§ AIM OF THE EXERCISE
Below, find the line containing "Metro RJ45 DMX" and the line containing "Camp Classic Long Sleeve Tee in Blue image 3"; reproduce exactly those two and every line between them, omitting pictures.
··· INFORMATION PROVIDED ···
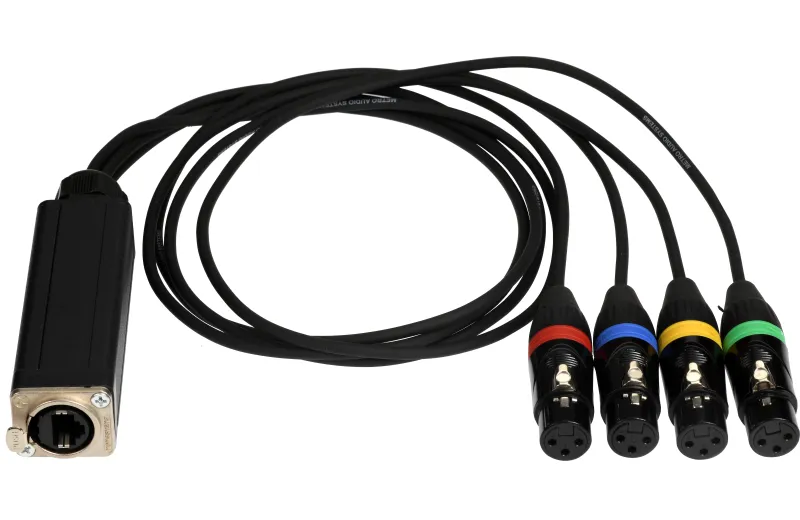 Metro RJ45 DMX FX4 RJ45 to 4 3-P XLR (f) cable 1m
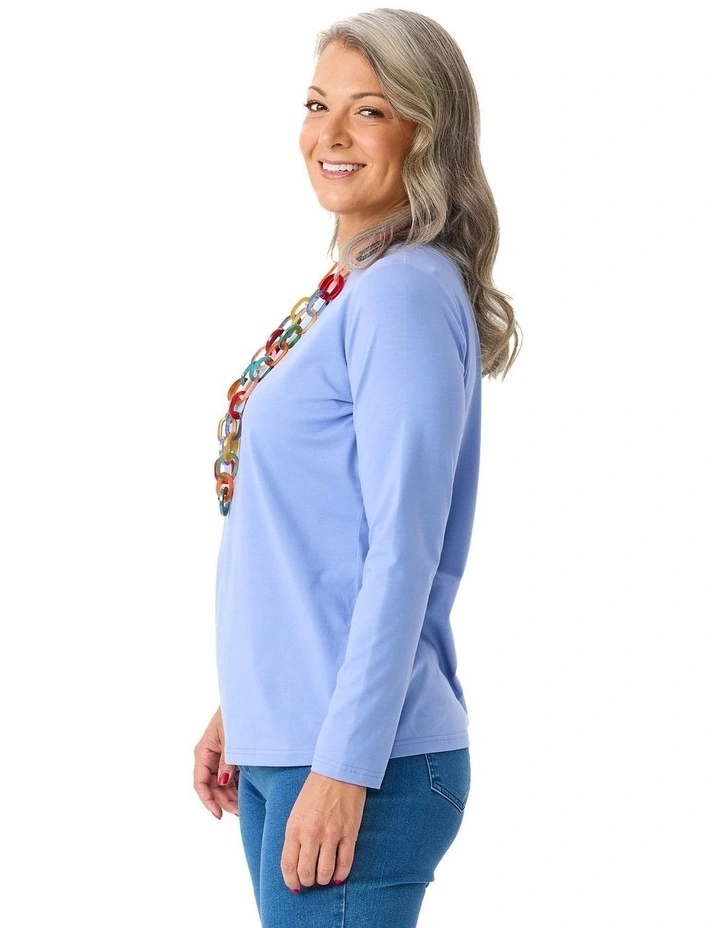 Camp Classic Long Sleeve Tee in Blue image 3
···
··· INFORMATION PROVIDED ···
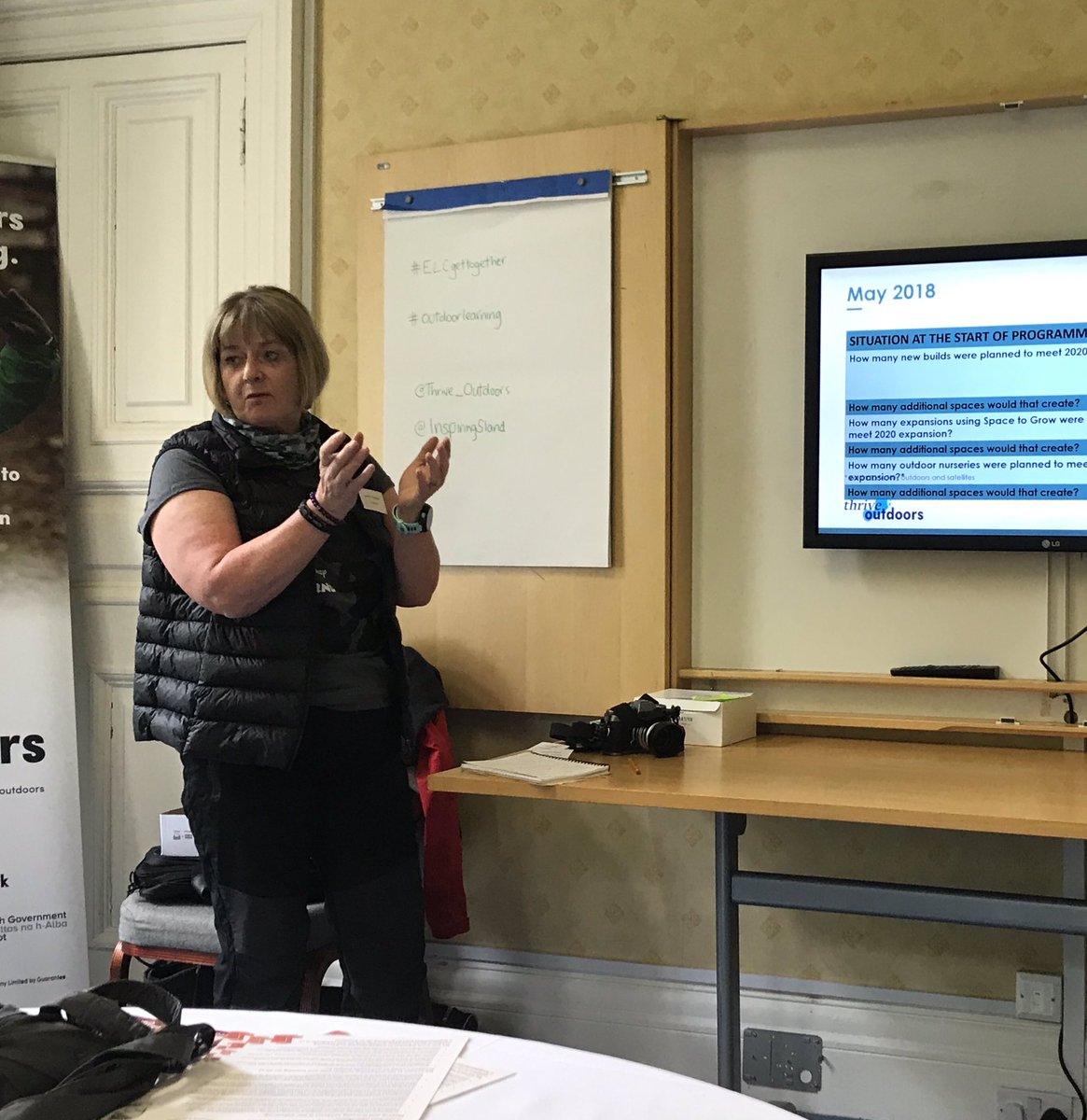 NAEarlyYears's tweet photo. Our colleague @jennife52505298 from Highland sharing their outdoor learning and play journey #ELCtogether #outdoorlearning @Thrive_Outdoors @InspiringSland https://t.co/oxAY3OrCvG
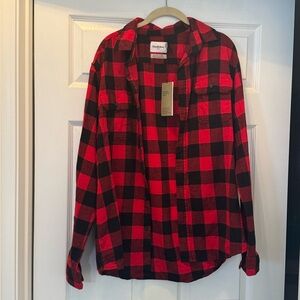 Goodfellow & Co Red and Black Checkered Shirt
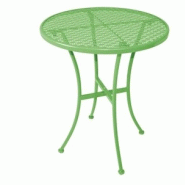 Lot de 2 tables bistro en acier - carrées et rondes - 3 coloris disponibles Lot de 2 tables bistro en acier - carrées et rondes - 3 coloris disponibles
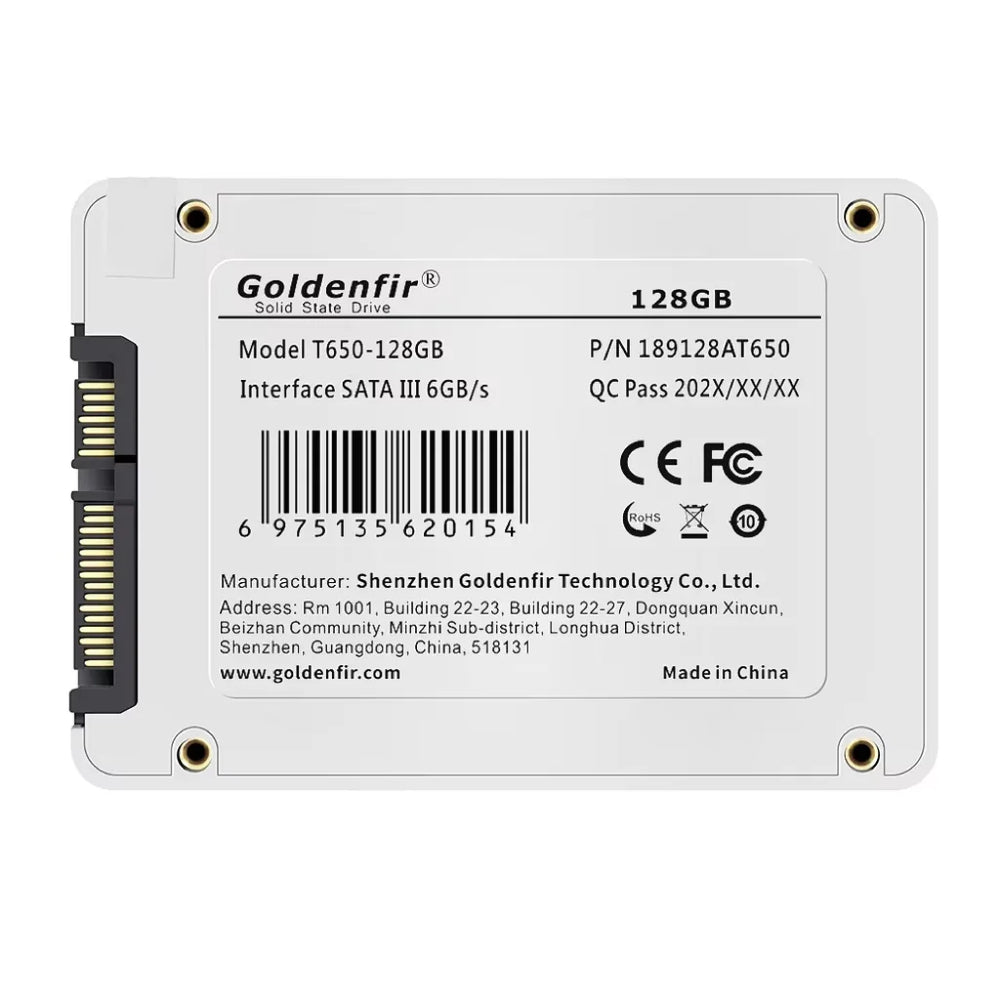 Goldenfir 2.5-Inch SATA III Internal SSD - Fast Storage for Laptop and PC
···
§ ANSWER TO THIS PROBLEM
 Metro RJ45 DMX FX4 RJ45 to 4 3-P XLR (f) cable 1m
 Camp Classic Long Sleeve Tee in Blue image 3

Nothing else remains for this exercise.